Coming at you today with a middle-grade mystery that I found mildly mediocre. No, I’m not sure what’s up with that alliteration – just go with it.
Aggie Morton Mystery Queen – The Body Under The Piano by Marthe Jocelyn and illustrated by Isabelle Follath
My Edition: Hardcover – 325 pages – 2020 published – Tundra Books – ISBN: 9780735265462
I won a copy of this book from LibraryThing in exchange for my honest review.
Aggie finds herself at the center of attention in her town when she finds a body in her dance studio. The victim is Mrs. Eversham, sister-in-law to Aggie’s dance teacher, Miss Eversham. And the prime suspect? Miss Eversham herself! But Aggie suspects there’s more to be revealed, if only she can find the right clues. She enlists the help of her new friend, Hector Perot, and they must race to gather clues while avoiding the watchful eyes of adults.
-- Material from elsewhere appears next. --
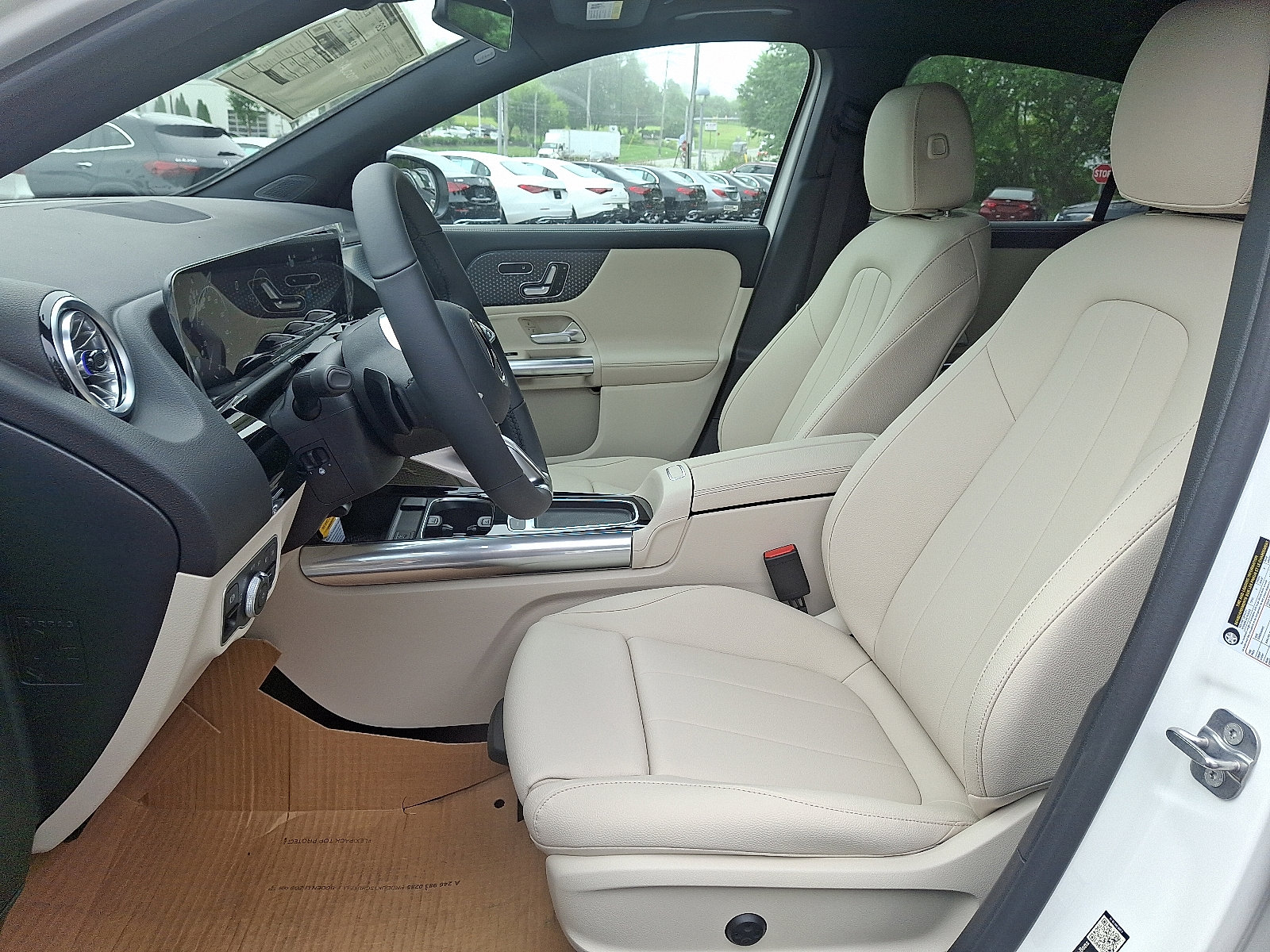 2026 Mercedes Benz GLA 250 4MATIC photo 12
This is a perfectly adequate MG mystery, but the long and short of it for me is that it simply didn’t meet my expectations. In general, it’s pretty easy for me to love any genre of MG. But when it comes to mysteries and the children solving them, my current gold-standard is the Wells and Wong series by Robin Stevens, and almost tied with it, Nancy Springer’s Enola Holmes series (it’s not tied because I haven’t read it as recently.) Both of these series feature independent female characters with strong development and important themes like prejudice, growing up, friendship, self-discovery, etc. Unfortunately, Aggie Morton just didn’t measure up.
Aggie and Hector are cute, and I appreciate that they’re inspired by Agatha Christie and her famous detective, Hercule Poirot. I also love the overall design of the book and Follath’s illustrations, which will be featured in a future Judging post.
Sadly, Aggie and Hector didn’t really draw me in. They felt a lot younger than Wells and Wong, but I think the characters from both books are around 14. I can’t really pinpoint why Aggie and Hector felt younger; maybe Aggie’s semi-upper-class upbringing lead her to be more sheltered and inexperienced, and that made her feel young? Or Hector’s recent immigration to England and his adjustment to the lifestyle? It also felt like there was a whole lot of talking and thinking, and less doing. Maybe I just needed a bit more action and less tea time.
Despite this book feeling a bit too young for me overall, the ending ramps up the maturity in terms of subject matter once the perpetrator and reasoning is revealed. I still think the book is probably best for those around age 12. But what do I know?
I won’t be continuing the series, if there is one, but this was by no means a bad book. If you know a younger reader who enjoys mysteries, a young Agatha Christie fan, or you’re a MG fan looking for something light and quick, check this one out.